1. YES. The essential elements of an action for unfair competition are: (1) confusing similarity in the general
appearance of the goods, and (2) intent to deceive the public and defraud a competitor. Unfair competition is always
a question of fact. Thus, the findings of IPO which has the expertise in this field, should be given great weight. This
case falls under the second type of confusion. Although we see a noticeable difference on how the trade name of
respondent is being used in its products as compared to the trademark of petitioner, there could likely be confusion
as to the origin of the products. Thus, a consumer might conclude that PAPER ONE products are manufactured by
or are products of Paperone, Inc. Additionally, although respondent claims that its products are not the same as
petitioner's, the goods of the parties are obviously related as they are both kinds of paper products.
2. NO. The actual damages prayed for cannot be granted because petitioner has not presented sufficient evidence to
prove the amount claimed and the basis to measure actual damages.
OCCUPATION

TITLE: NORMA M. BALEARES, et.al. vs.. FELIPE B. ESPANTO

G.R. No. 229645, June 06, 2018

FACTS:

This case involved an action for unlawful detainer filed by the respondent against the petitioners. An action for unlawful
detainer is summary in nature and the only issue that needs to be resolved is who is entitled to physical possession of the
premises, possession referring to possession de facto, and not possession de jure. Nonetheless, where the parties to an
ejectment case raise the issue of ownership and such is inseparably linked to that of possession, the courts may pass upon that
issue to determine who between the parties has the better right to possess the property. The adjudication of the ownership
issue, however, is not final and binding. The same is only for the purpose of resolving the issue of possession. Otherwise
stated, the adjudication of the issue of ownership is only provisional, and not a bar to an action between the same parties
involving title to the property.

Here, the petitioners claim that they have a better right of possession over the subject property as they are the heirs of one of
its original co owners and they have been in lawful possession and occupation thereof ever since, thus, they cannot be
dispossessed of the subject property. The respondent, on the other hand, based his claim of ownership and right of possession
over the subject property on a certificate of title issued in his name. However, the respondent, being a mere transferee of the
subject property who has knowledge that his transferor's mortgaged right over the same has been cancelled with finality by
the court, merely stepped into his transferor's shoes, thus, he has no right over the subject property.

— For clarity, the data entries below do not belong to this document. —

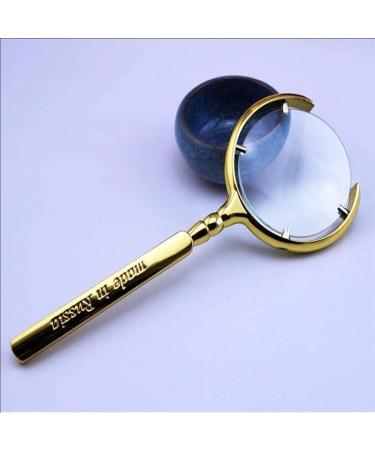 Handheld Magnifying Glass Metallic Material Stainless Steel Hd Magnifying Glass Old Man 20X for Reading Crafts Repair Magnifier Silver Lofty Ambition - Buy Online on GoSupps.com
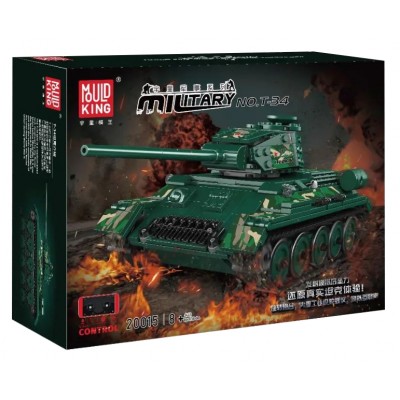 Mould King 20015 Military T-34 Medium Tank Building Block | 800 PCS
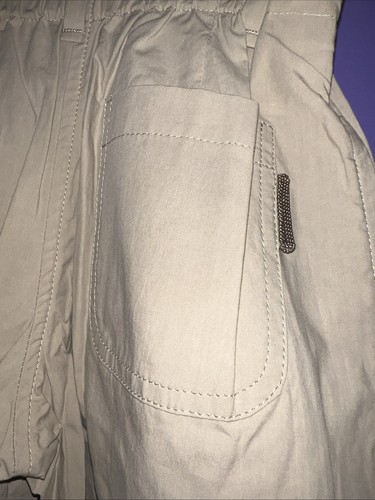 NWT Brunello Cucinelli Girl’s Belted Trousers 100% Cotton Size 4 - Picture 4 of 10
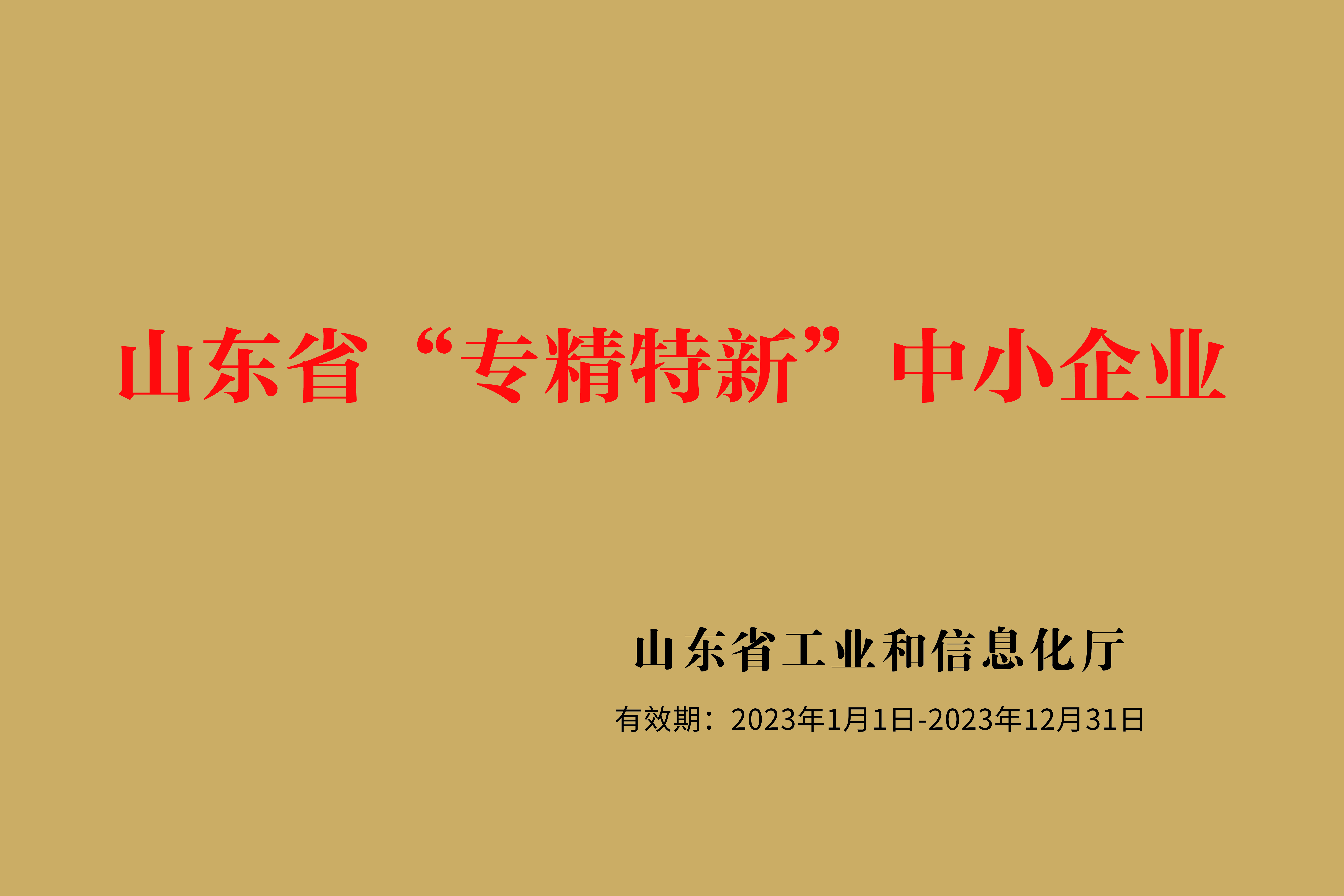 山東省專(zhuān)精特新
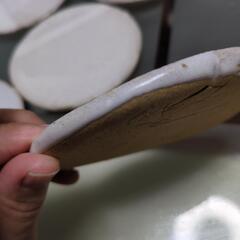 丸い食器 小さいプレートの画像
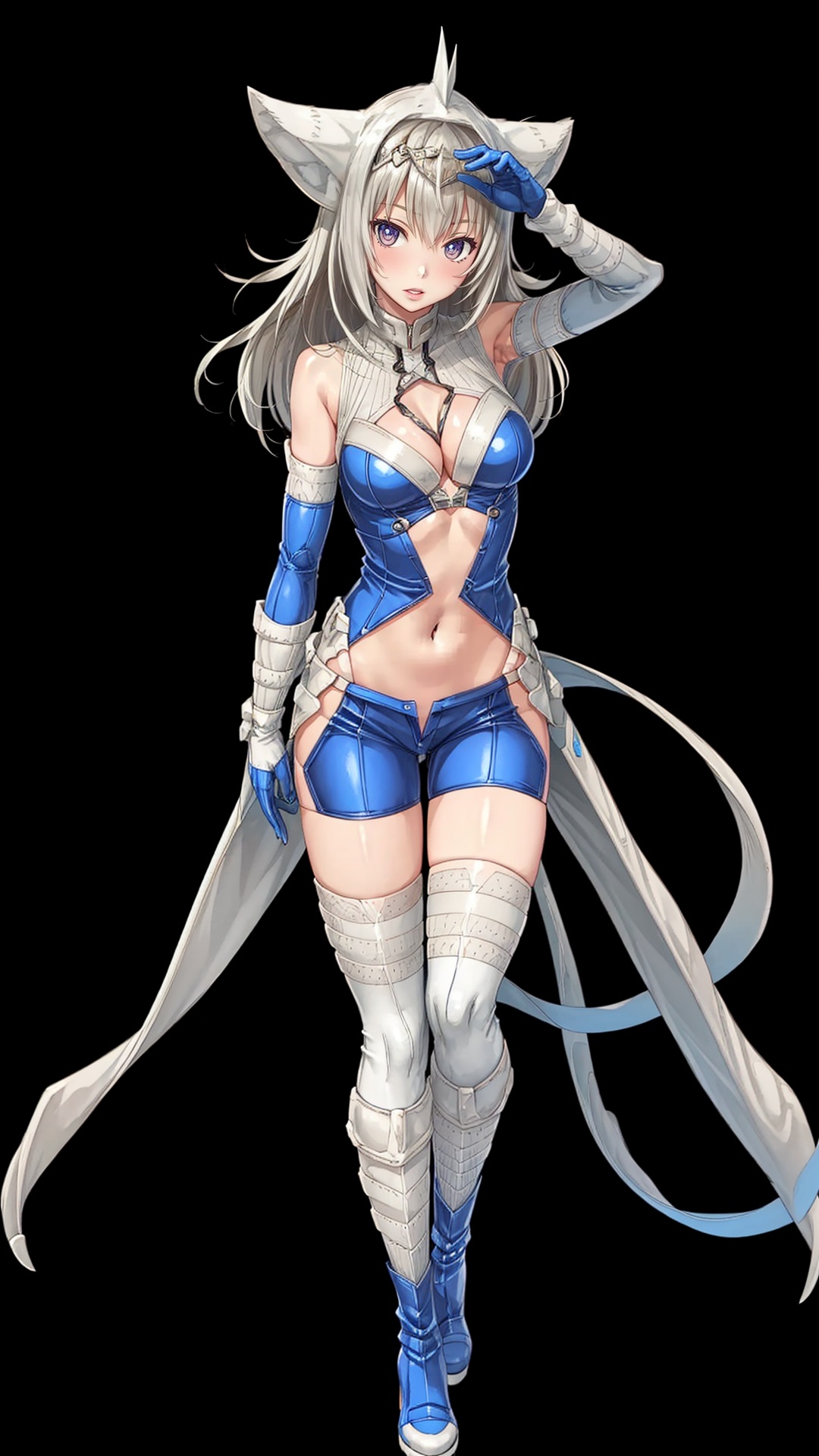 1girl,  solo,  breasts on Tensor.Art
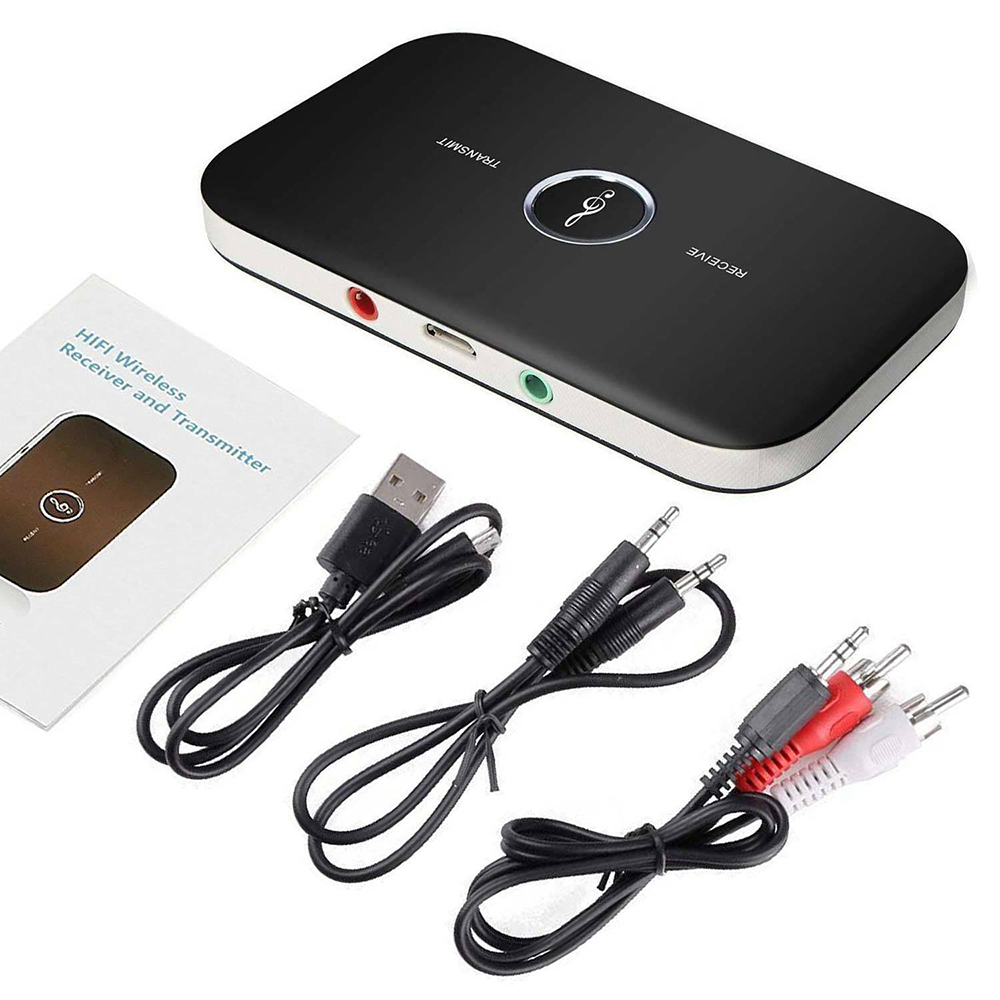 2in1 Bluetooth Transmitter&Receiver Wireless A2DP Home TV Stereo Audio Adapter H eBay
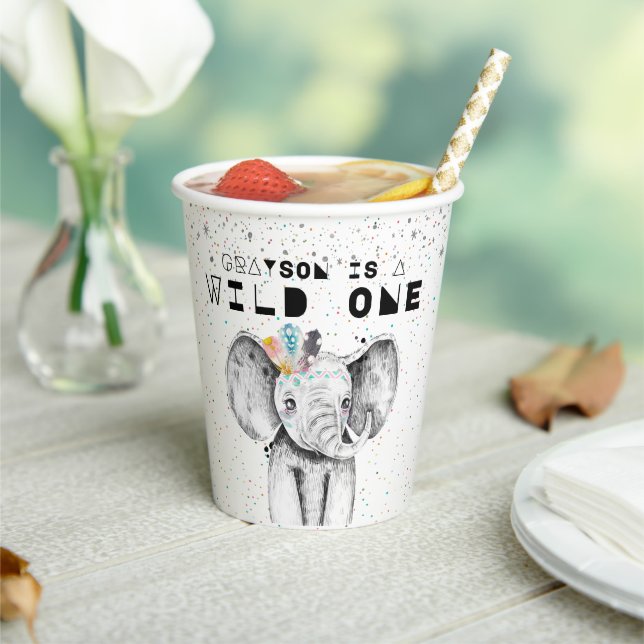 Gobelets En Papier Wild Party Animal Anniversaire Party Paper Cup (Insitu)
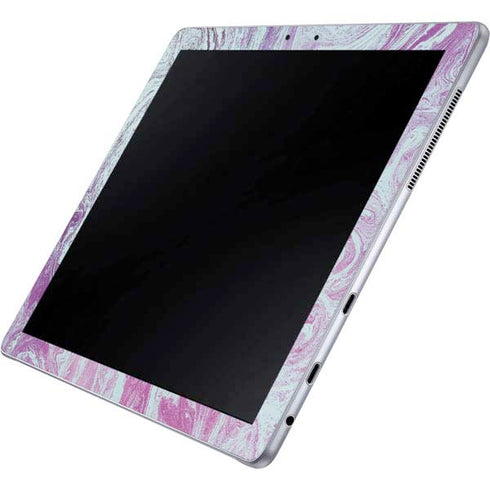 Blue and Purple Marble Galaxy Book 12in Skin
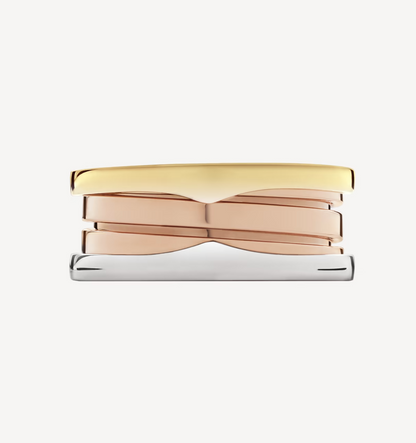 [Crown & Jewelry]ZERO 1 THREE-BAND ROSE WHITE AND YELLOW RING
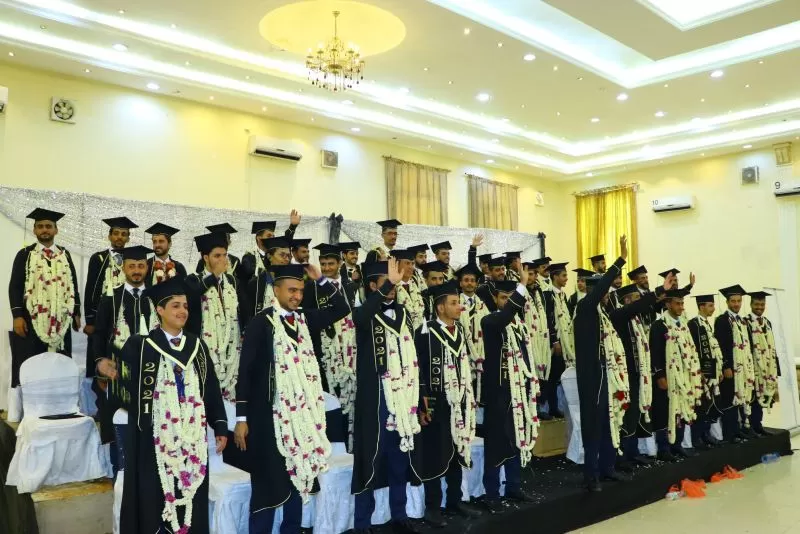 A student artistic ceremony for the graduation of the two departments of Oil and Gas Engineering and Information Technology from the College of Engineering at the university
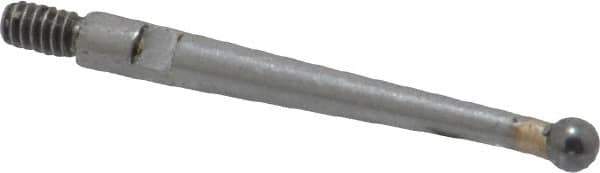 Starrett - 13/16 Inch Long, Carbide, Height Gage Contact Point - For Use with Starrett Height Gages - Exact Tool & Supply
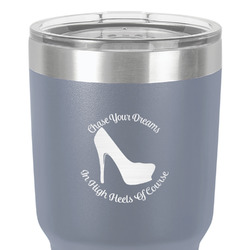 High Heels 30 oz Stainless Steel Tumbler - Grey - Single-Sided
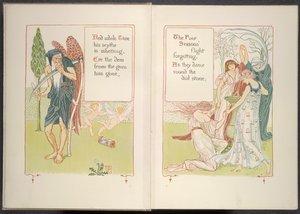 父の時間と四季 作： Walter Crane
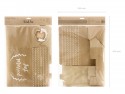 Boîte à enveloppes - Just Married - kraft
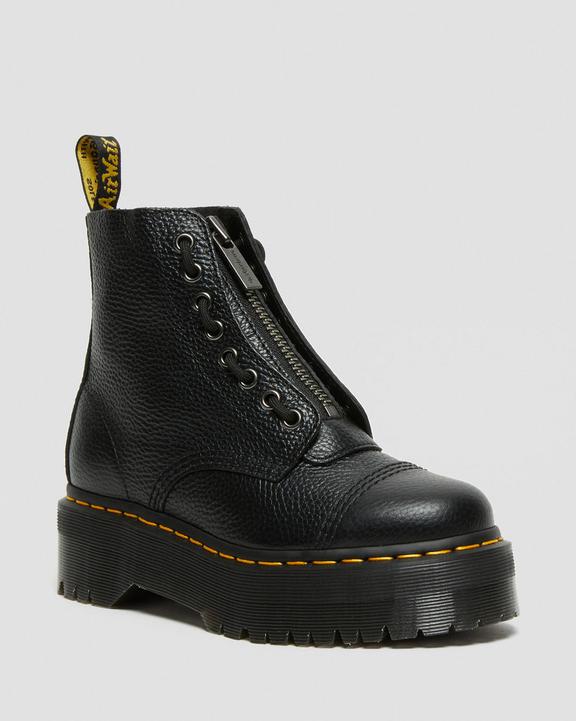 Dr. Martens Sinclair Milled Nappa Leather Platform Boots Pretas | SN-DM84300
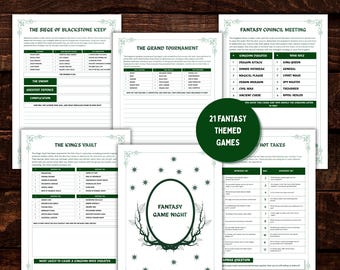 Paquete de juegos de fantasía para la noche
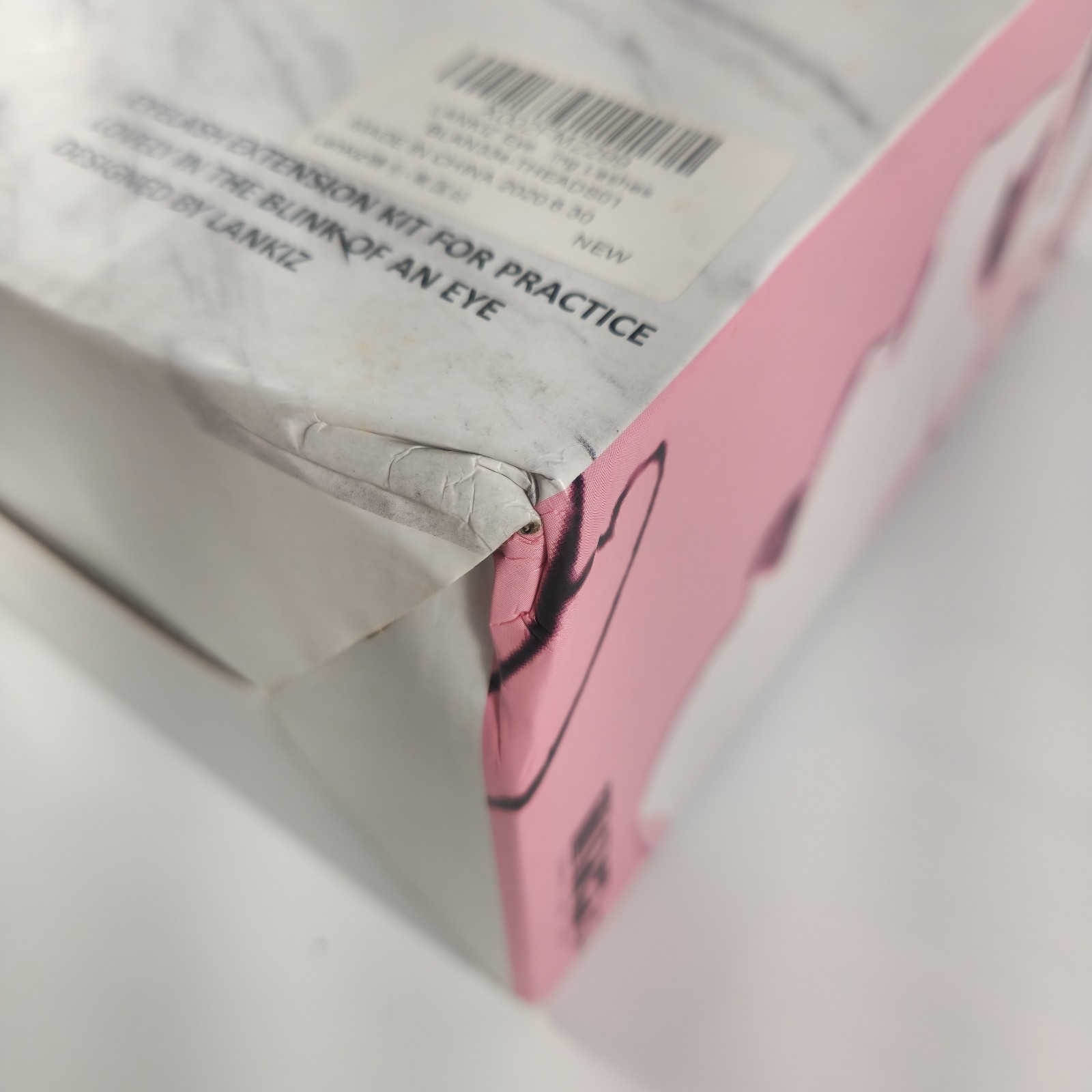 LANKIZ Eyelash Extension Kit with Mannequin Head Practice Exercise Set Training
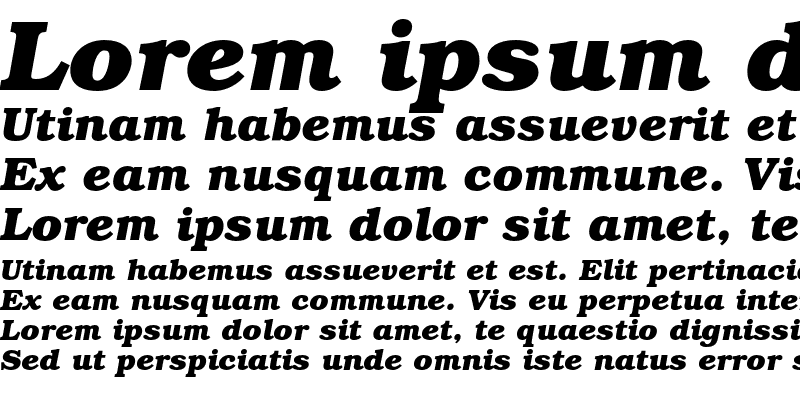 Sample of ITC Bookman Bold Italic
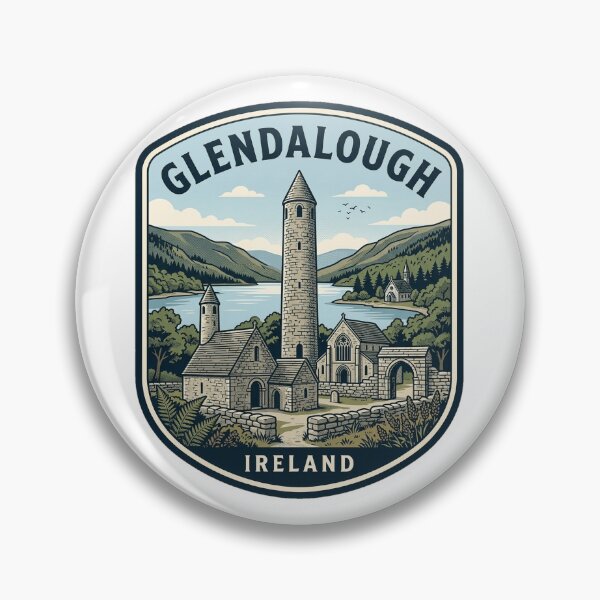 Item preview, Glendalough Ireland Vintage Travel Emblem designed and sold by k3rstman1.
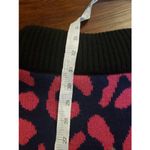 Farm Rio NWOT  Chunky Knit Edgy Feminine Whimsygoth Leopard Sweater Dress Size XS Photo 6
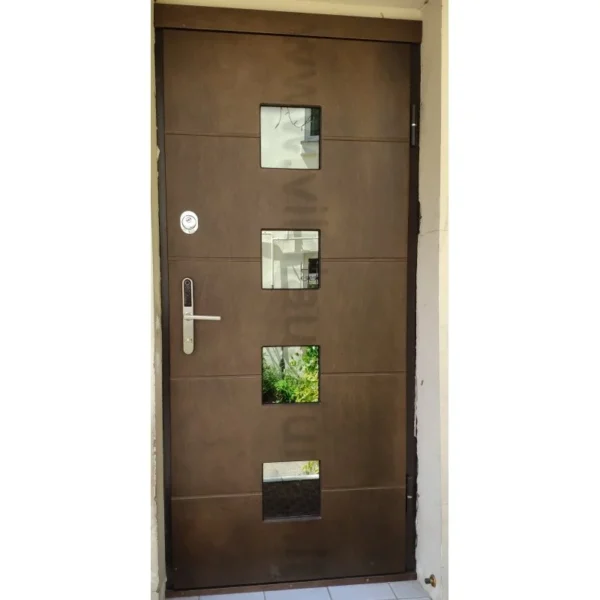 Lauko durys GRAND SOLID WOOD 610 su išmaniąja rankena INOVO Lauko durys GRAND SOLID WOOD 610 su išmaniąja rankena INOVO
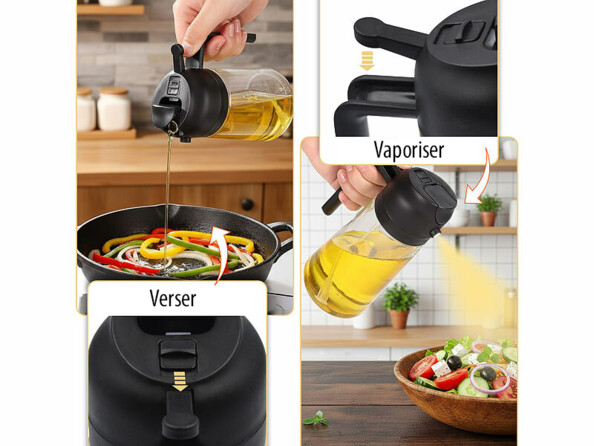 Distributeur et vaporisateur d'huile 470 ml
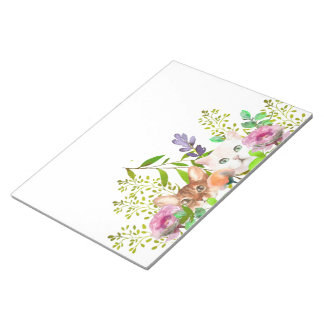 Bloc De Notas Acuarela De Los Gatos De Peeking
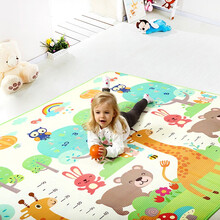 麦肯齐 XPE材质宝宝爬行垫毯婴儿爬爬垫儿童防滑地垫 XPE 200*180*0.5cm(折叠装)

ISSUE: Who between the parties has the better right to possess the property?

HELD:

The petitioners have the better right to possess the property. It is true that a title issued under the Torrens system is entitled to
all the attributes of property ownership, which necessarily includes possession. 30 As such, ordinarily, the Torrens title holder
over the subject properties is considered the rightful owner who is entitled to possession thereof. But, in this case, it has not
been disputed that the petitioners have been in continuous possession of the subject property in the concept of ownership and
not by mere tolerance of the respondent. Moreover, the latter has knowledge that his transferor has no more right to enforce
the mortgage over the subject property on the ground of prescription as stated in the RTC Decision in Civil Case No. 98-
1360. The trial court also declared therein that Arnold's extrajudicial foreclosure and auction sale of the subject property was
non-existent and void, which ruling already attained finality. As such, it would appear that the respondent's right over the
subject property is highly questionable. Under these circumstances, the respondent cannot simply oust the petitioners from
possession through the summary procedure of an ejectment proceeding.